Happy Valentine’s Day!
Today on the day that is celebrated for loving relationships, I will share examples of love that existed and thrived during World War II. All of these story excerpts are relayed in greater detail in my book, We Fought to Win: American World War II Veterans Share Their Stories. Buy it here on Amazon.
In November 1943, during a furlough from the Tennessee Maneuvers (exercised designed to simulate battle conditions), Millard Schwartz of Jay County/ Indiana traveled home to marry Mary Elizabeth ‘Betty’ Flesher whom he had met years two years earlier on a blind date. The two had kept in touch via letters during his military service.
Two weeks later, Schwartz returned to his unit at Camp McCain, Mississippi. In July 1944, he and 18,000 American troops sailed from New York harbor for Europe on the Queen Elizabeth. He and Betty would not be reunited until the end of the war two years later.
After Millard returned safely from the war, the couple became parents to two sons. They remained married for 70 years until Betty’s death in 2014.
Ruth Cooper Licking (photos of the Lickings wedding/ street scene above)

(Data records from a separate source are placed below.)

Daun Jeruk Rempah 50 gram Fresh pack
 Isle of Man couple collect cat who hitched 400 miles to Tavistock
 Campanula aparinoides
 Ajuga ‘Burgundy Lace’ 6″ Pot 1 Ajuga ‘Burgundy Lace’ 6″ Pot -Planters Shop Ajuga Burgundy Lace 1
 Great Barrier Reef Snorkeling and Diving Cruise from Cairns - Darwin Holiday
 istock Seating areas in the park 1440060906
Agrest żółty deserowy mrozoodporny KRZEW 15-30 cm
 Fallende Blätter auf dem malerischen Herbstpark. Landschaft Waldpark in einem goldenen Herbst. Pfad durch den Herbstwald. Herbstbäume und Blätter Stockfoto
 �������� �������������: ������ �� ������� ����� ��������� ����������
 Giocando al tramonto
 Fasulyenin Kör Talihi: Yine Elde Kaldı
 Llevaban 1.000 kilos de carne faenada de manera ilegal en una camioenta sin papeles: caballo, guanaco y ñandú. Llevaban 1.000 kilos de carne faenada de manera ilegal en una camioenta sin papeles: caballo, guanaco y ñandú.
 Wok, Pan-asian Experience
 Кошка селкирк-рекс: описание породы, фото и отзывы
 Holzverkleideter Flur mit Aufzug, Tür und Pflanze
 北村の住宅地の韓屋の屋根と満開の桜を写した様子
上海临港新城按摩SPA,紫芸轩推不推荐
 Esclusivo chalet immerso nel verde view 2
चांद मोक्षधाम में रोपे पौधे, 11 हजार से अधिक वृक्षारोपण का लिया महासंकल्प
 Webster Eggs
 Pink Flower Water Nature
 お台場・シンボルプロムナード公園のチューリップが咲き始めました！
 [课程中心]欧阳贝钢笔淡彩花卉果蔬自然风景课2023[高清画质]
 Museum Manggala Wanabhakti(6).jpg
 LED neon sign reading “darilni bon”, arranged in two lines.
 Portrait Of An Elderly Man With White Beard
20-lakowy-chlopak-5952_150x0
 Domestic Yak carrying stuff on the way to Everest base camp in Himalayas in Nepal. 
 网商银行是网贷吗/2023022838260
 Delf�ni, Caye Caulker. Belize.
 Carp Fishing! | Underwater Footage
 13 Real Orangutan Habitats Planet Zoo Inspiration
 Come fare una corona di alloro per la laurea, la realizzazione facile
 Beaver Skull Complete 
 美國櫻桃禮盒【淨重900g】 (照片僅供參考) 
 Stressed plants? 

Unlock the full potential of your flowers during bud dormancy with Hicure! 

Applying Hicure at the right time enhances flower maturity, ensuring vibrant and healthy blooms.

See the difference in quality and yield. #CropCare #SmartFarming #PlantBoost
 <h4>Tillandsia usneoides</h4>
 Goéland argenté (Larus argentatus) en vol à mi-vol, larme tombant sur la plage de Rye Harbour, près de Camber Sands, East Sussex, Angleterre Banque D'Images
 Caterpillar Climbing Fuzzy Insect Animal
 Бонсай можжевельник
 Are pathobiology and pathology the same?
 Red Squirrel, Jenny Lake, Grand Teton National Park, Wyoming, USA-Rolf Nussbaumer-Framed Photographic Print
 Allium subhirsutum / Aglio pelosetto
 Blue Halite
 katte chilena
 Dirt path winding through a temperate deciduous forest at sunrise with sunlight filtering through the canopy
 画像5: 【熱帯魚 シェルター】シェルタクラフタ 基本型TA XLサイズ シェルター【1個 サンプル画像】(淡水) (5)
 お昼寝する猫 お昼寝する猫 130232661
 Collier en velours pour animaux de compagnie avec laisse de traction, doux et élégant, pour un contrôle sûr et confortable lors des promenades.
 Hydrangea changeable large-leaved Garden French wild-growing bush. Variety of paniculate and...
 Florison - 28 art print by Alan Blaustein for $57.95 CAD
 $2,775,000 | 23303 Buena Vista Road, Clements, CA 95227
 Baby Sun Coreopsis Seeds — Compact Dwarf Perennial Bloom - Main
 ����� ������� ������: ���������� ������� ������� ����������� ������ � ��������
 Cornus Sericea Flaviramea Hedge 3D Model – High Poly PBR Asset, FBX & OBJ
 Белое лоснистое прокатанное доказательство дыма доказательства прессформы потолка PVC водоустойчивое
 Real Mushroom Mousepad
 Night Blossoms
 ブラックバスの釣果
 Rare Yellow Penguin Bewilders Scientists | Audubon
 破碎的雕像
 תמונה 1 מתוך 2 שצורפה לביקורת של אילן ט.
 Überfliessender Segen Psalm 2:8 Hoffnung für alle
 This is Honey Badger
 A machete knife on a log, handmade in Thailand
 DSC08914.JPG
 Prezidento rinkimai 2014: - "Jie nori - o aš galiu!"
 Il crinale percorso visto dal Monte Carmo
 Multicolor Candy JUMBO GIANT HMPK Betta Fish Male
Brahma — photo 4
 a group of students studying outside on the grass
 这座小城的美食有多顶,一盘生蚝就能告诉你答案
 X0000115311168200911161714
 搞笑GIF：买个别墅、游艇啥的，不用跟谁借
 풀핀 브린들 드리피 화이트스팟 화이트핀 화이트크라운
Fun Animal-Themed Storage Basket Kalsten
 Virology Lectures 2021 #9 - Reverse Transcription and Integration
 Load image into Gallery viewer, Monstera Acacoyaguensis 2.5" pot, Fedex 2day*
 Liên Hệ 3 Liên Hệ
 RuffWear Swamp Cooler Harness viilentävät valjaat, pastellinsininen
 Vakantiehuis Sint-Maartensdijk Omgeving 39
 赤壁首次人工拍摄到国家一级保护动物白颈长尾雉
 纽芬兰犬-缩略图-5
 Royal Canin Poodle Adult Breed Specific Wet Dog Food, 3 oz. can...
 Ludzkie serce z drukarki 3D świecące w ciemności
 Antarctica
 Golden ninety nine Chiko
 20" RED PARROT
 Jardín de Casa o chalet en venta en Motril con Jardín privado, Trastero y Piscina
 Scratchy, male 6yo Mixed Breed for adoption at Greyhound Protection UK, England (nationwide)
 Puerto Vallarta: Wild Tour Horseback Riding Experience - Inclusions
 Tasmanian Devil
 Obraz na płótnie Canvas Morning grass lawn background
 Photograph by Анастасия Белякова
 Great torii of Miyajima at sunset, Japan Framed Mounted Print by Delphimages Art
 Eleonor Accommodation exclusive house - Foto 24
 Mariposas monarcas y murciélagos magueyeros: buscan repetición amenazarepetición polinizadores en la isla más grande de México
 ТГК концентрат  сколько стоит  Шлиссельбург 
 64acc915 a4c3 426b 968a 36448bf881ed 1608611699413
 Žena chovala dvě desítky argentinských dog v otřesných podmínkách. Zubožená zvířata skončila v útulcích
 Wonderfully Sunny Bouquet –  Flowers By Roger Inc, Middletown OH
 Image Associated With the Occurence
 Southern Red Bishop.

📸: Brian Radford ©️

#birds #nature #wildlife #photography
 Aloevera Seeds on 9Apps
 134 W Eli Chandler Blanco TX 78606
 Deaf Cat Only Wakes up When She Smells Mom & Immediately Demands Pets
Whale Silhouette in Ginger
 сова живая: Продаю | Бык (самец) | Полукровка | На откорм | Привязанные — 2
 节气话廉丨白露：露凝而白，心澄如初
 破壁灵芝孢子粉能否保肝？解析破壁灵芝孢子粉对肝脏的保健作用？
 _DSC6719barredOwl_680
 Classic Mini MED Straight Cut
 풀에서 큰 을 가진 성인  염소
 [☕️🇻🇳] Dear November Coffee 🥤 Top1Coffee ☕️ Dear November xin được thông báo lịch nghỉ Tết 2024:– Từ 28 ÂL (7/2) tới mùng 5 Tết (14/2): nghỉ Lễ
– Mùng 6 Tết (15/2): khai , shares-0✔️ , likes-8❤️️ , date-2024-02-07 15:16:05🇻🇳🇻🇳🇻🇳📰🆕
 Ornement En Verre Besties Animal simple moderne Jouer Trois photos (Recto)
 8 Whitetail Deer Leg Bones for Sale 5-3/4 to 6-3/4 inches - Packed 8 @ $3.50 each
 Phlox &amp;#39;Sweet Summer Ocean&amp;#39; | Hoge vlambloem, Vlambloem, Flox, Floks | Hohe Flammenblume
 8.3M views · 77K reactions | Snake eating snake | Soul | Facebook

In June 1944, Sergeant Ruth Cooper from Marion, North Carolina, was with a group of WACs (Women’s Army Corps) at their assigned base, Kelly Field in San Antonio when they began chatting with a group of soldiers, including Tech Sergeant Bill Licking from Greensburg, Indiana. Licking had been stationed in Panama for three years and was now at Kelly Field in an administrative position.
Cooper and Licking got along well. During the next several months, they saw each other as often as schedules allowed.
Shortly after the New Year 1945, they professed their love for each other and decided to marry. But the war presented problems.
The thought of traveling to either of their hometowns to get married was out of the question due to gas shortages. No one from their families could attend as trains were full of soldiers moving across the country.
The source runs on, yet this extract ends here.